* _Description of the task_
Although the listing below holds pictures, reproduce only its lines from the one containing "Nike SB Snake" through the last, exactly and without them.

* _Recorded information_
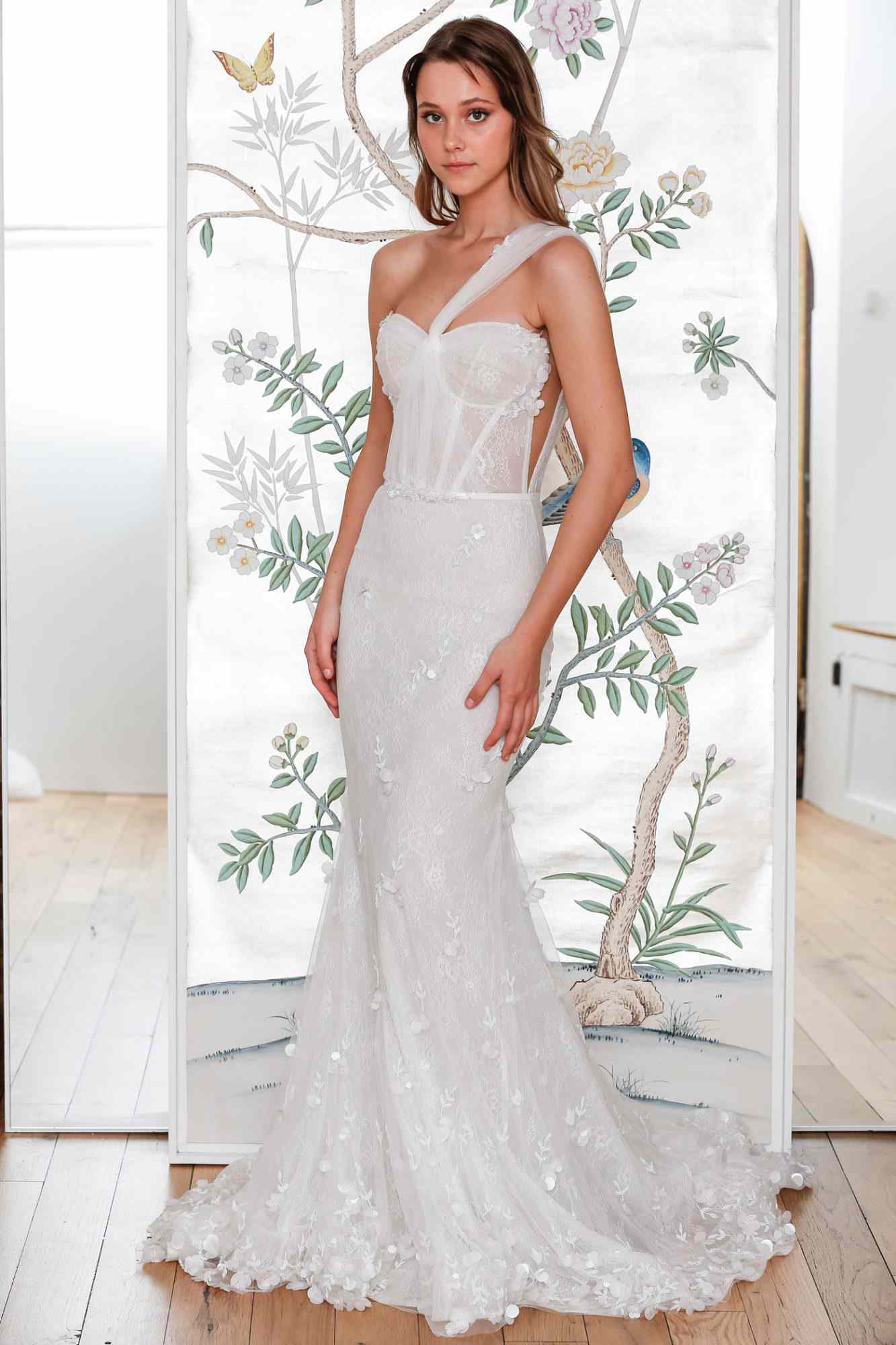 lee petra grebenau lace asymmetrical mermaid wedding dress spring 2020
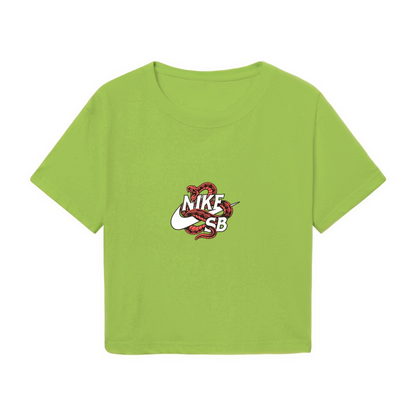 Nike SB Snake Graphic Fresh Green Cropped Top Hip?Hop Streetwear Crop Tee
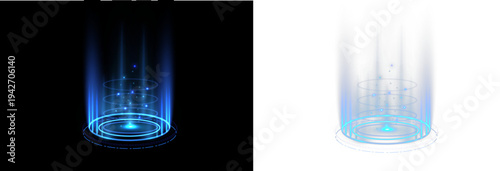 Obraz na plátne Glowing energy gateway with bright neon circle and hologram light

* _Solved exercise_
 Nike SB Snake Graphic Fresh Green Cropped Top Hip?Hop Streetwear Crop Tee
 Obraz na plátne Glowing energy gateway with bright neon circle and hologram light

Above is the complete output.